ニュース
ニシゴリラ「ナナ」の状況と今夏のニシゴリラの暑熱対応について
 └─ 2018/08/10

 東園「ゴリラ・トラの住む森」で飼育しているニシゴリラ「ナナ」(メス、推定36歳)については、2018年6月25日に麻酔をかけ精密検査をおこなったところ、子宮をはじめとする多臓器に腫瘍を患っていることがわかりました。

  既にお知らせしたとおり、現在は鎮痛などの緩和ケアを中心に、ナナの生活の質(QOL)の維持を念頭に飼育管理しております。

 その後も多くの皆様からナナへのご心配や励ましのお言葉をいただきましたこと、ありがたく思います。

 今回、ナナの現在の状況について皆様にお伝えするとともに、ご心配をいただいているゴリラのすむ森の暑熱対応についてお知らせいたします。

ニシゴリラ「ナナ」
「ハオコ」(オス)と第1放飼場のゴリラたち

1.ナナの状況について

これまでの経過

 2012年にゴリラの飼育管理方法を変更した際、食べ物についてもより健康状態を良好に保つべく、見直しをおこないました。このときナナは肥満であったため、段階的な体重の減少をめざして飼育管理をおこない、その後は良好な健康状態を維持してきました。
 2017年の夏過ぎから食欲の低下が見られ、痩せてきていることが特に目立ったため、ナナを個別に管理して嗜好性の高いえさを与えたり、ゆっくり食事が取れるよう個別に時間を確保したりすることで、体力の回復を図ってきたところです。
 しかし、体重減少に加え不正出血が見られたこともあり、麻酔のリスクやナナの体への負担を考慮のうえ、2017年度末に導入した新たな検査機器を用いて精密検査を実施したところ、腫瘍が見つかり多臓器に転移していることもわかりました。
 既にお伝えしたとおり、現在の疾患の進行状況から根本的な治療が困難と判断し、ナナの生活の質(QOL)を良好に維持することを第一として飼育管理をおこなっているところです。

ナナの状況

 2018年7月19日から、ナナを「ハオコ」(オス)を中心とした第1放飼場の群れから離し、非公開の屋外ケージがある個室に移動させて、果物や穀類など好きなものをゆっくり食べさせるようにしました。
 その後ナナが部屋に馴れ、個室・屋外ケージ・第2放飼場で安心して過ごせるようになったため、ナナが屋外運動場に出たいというようすが見られれば、開園時間の午前中に第2放飼場に出すこととしました。
 最近は基本的にナナの自由にさせており、元気に屋外を歩き回る日もあれば、屋内外をつなぐ通路の中で休みながら外を眺めている日もあります。
 現在、ナナの生活の質(QOL)を維持するために必要な鎮痛ケアなどの治療をおこなっていますが、症状の変化に合わせ治療方法や生活の状況が変わることもあります。
 今後とも、可能な限りナナの状況についてお知らせいたしますので、ご理解いただきますようお願いいたします。

2.ゴリラの暑熱対応について

 今夏は平年に比べて厳しい暑さが続いており、ゴリラの群れが日中に屋外放飼場で過ごしていることについて、皆様からご心配をいただいております。

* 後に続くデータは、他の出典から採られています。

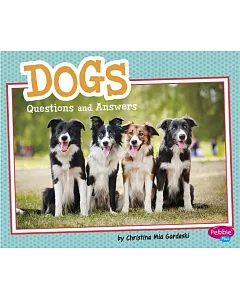 Dogs: Questions and Answers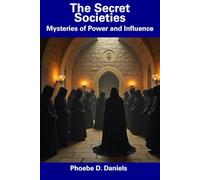 The Secret Societies: Mysteries of Power and Influence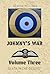 Johnny's War – Volume Three...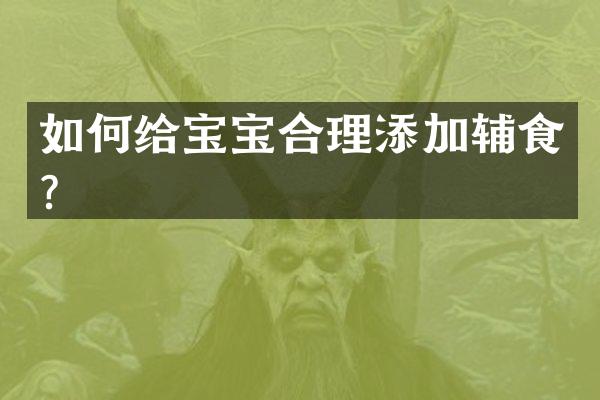 如何给宝宝合理添加辅食？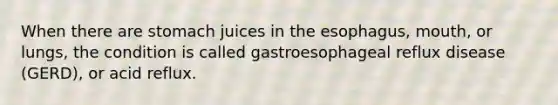 When there are stomach juices in the esophagus, mouth, or lungs, the condition is called gastroesophageal reflux disease (GERD), or acid reflux.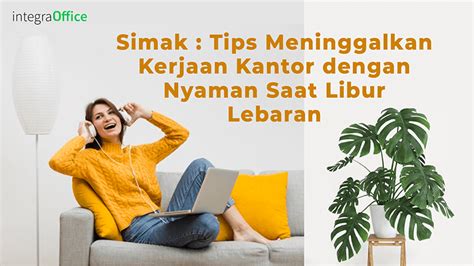 Simak Tips Meninggalkan Kerjaan Kantor Dengan Nyaman Saat Libur Lebaran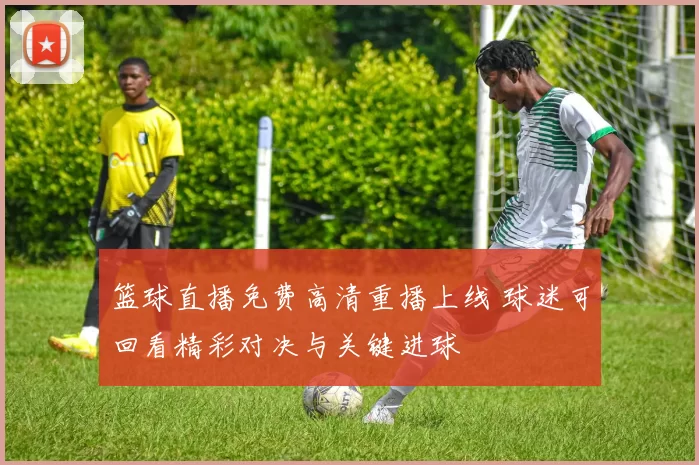 篮球直播免费高清重播上线 球迷可回看精彩对决与关键进球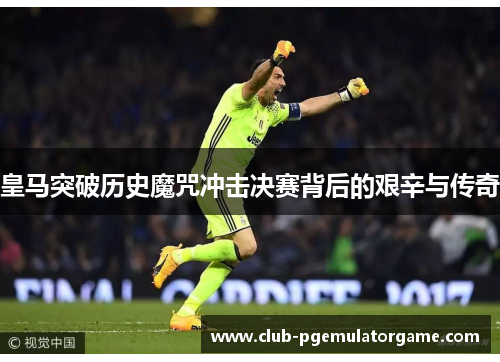 皇马突破历史魔咒冲击决赛背后的艰辛与传奇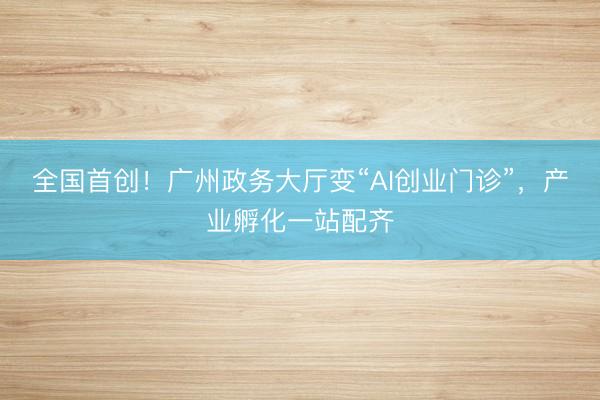 全国首创！广州政务大厅变“AI创业门诊”，产业孵化一站配齐
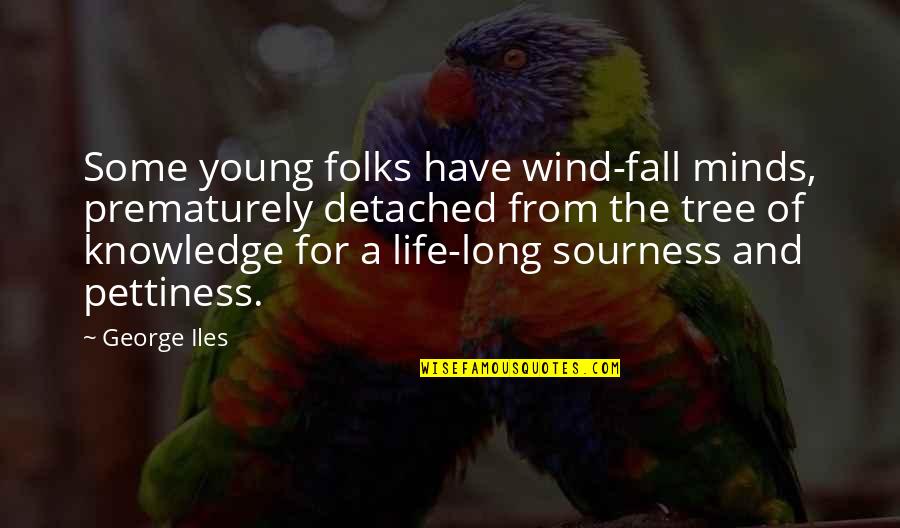 Life Of Tree Quotes By George Iles: Some young folks have wind-fall minds, prematurely detached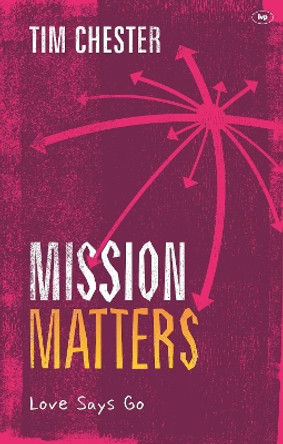 Mission Matters: Love Says Go by Tim Chester 9781783592807 [USED COPY]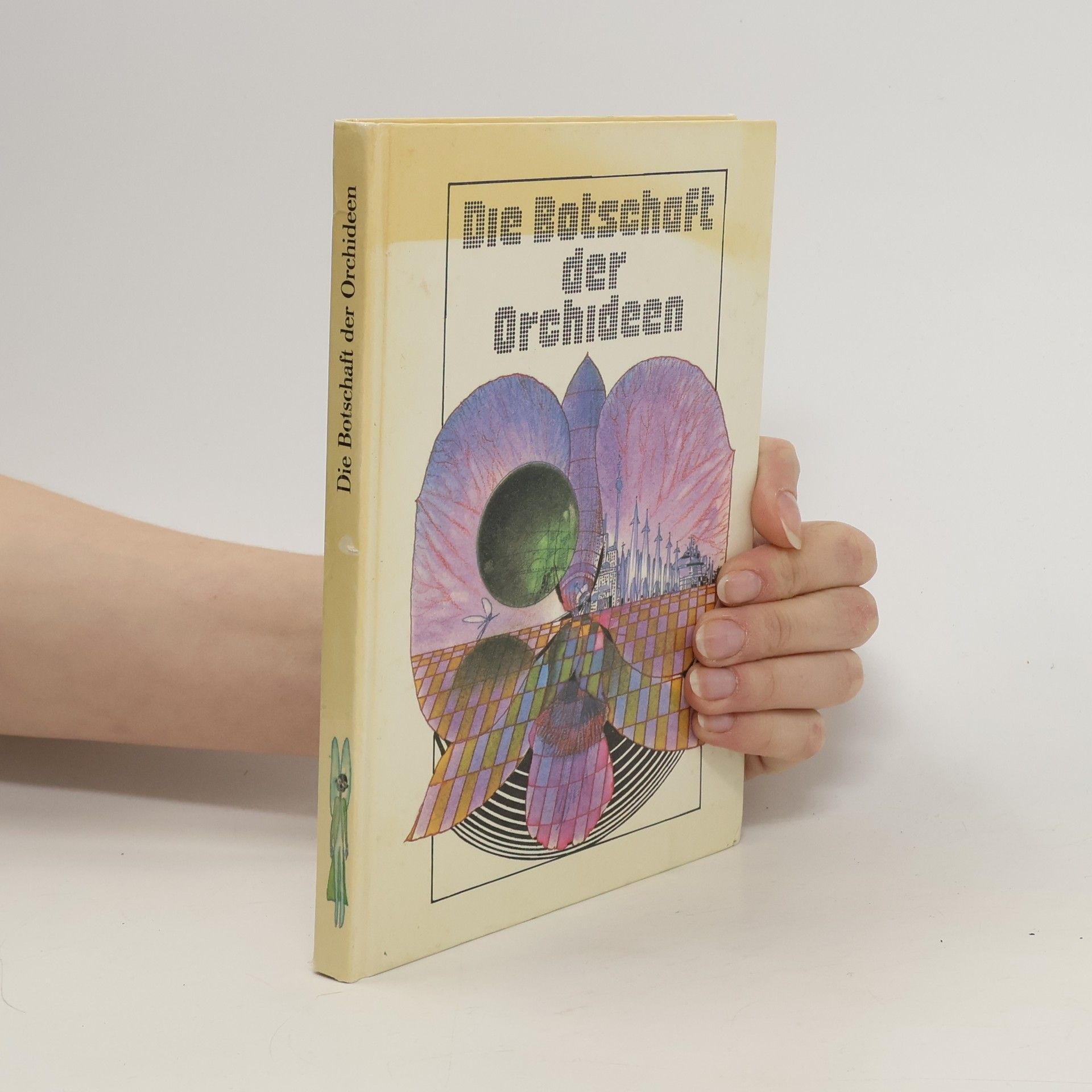 Reinhard E. Fischer Die Botschaft der Orchideen
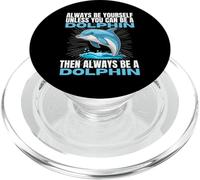 Always Be Yourself Unless You Can Be A Dolphin PopSockets PopGrip for MagSafe
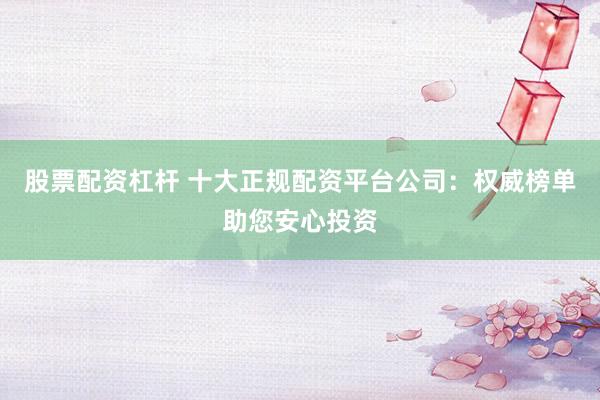 股票配资杠杆 十大正规配资平台公司：权威榜单助您安心投资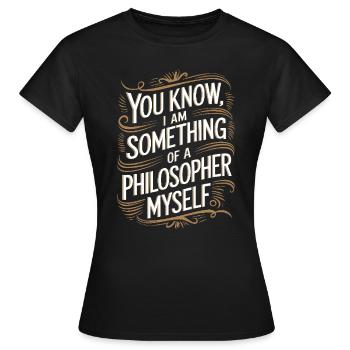 Vous savez, je suis moi-même un peu philosophe - T-shirt Femme - noir - Devant - AI Model Female 172 dark (172cm)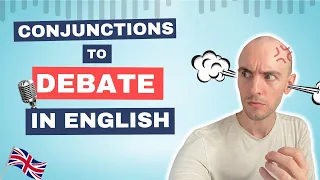 Use Conjunctions to Debate in English | The Level Up English Podcast 253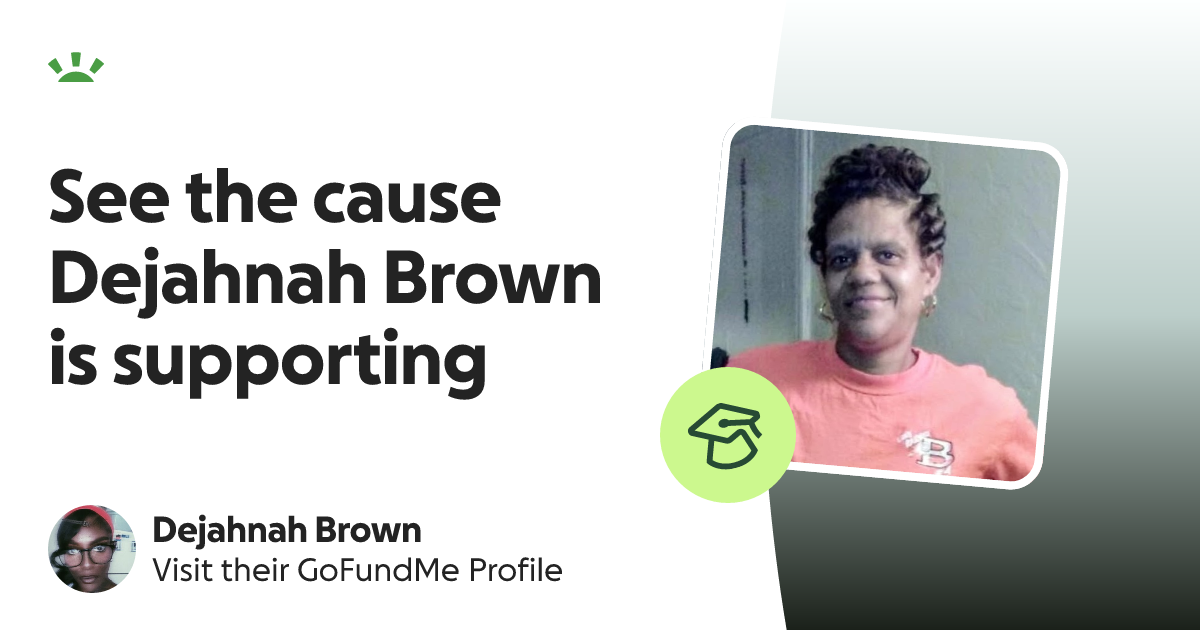 Dejahnah Brown’s GoFundMe Profile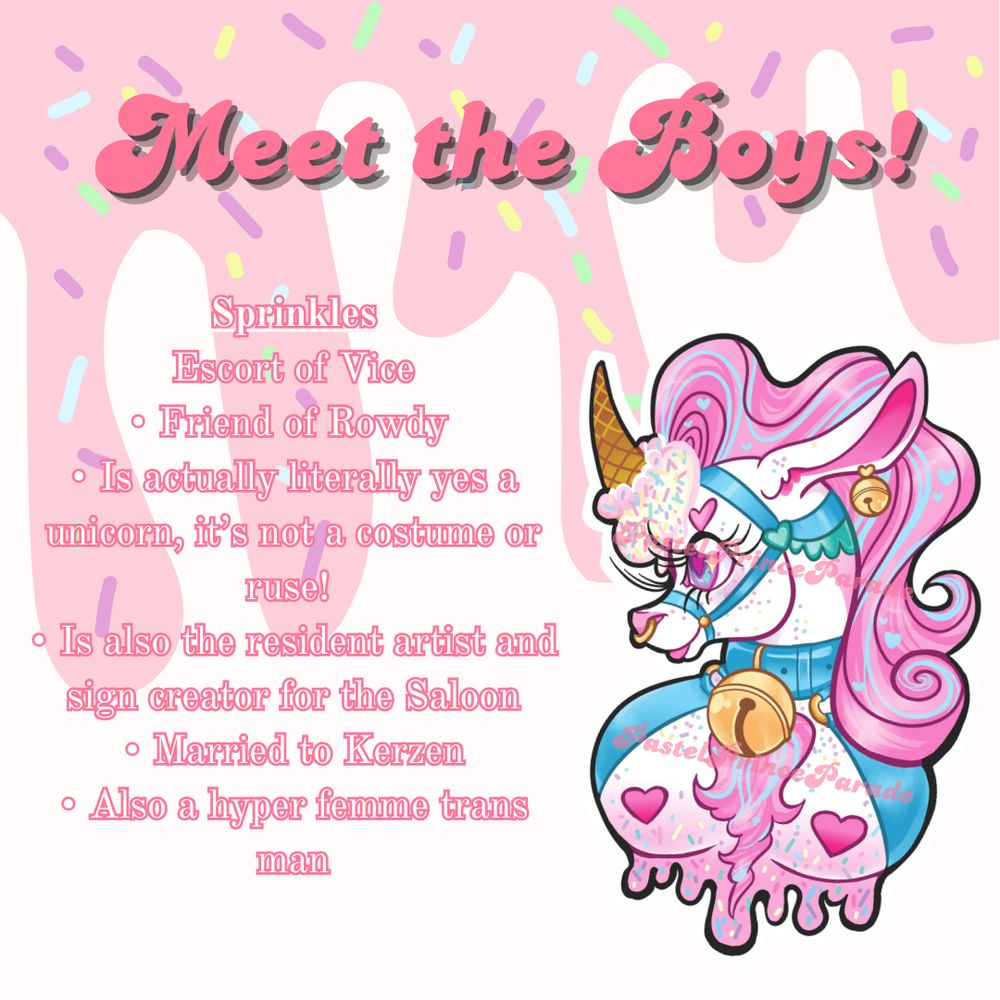 Art of Sprinkled the ice cream unicorn. A friend of Rowdy from the city and another brothel who followed to the smaller town and became an escort for Venom and Vice. He is the artist and signage creator, very pink hyper femme sweet fashion, and married to the candle cryptid Kerzen (they met via the saloon!)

 現在、飼育担当者が屋外放飼場の気温を毎日確認し、暑さが厳しく動物が室内に残りたがったり、一旦外に出ても戻りたいようなようすが見られたりする場合には、屋内への出入口扉を開放したままにして、ゴリラが室内と屋外を自由に行き来できるようにしています。

 また、ゴリラたちも日陰に入ったり、水を飲んだり、水浴びをしたりするなど、それぞれ暑さをしのぐ工夫をしています。

 ゴリラの群れについては、屋外放飼場でのようすだけでなく、屋内飼育施設の中での運動量やゴリラ同士の関係性などを考慮して総合的に飼育管理をおこなっています。特に、限られた空間の中で、ゴリラたちが過ごす場所の選択肢をできるだけ多く与えることが重要と考え、日々の状況などを見ながら、展示と飼育管理方法を決めているところです。

 今後もゴリラの健康を第一に飼育管理に努めてまいりますので、ご理解いただきますようお願いいたします。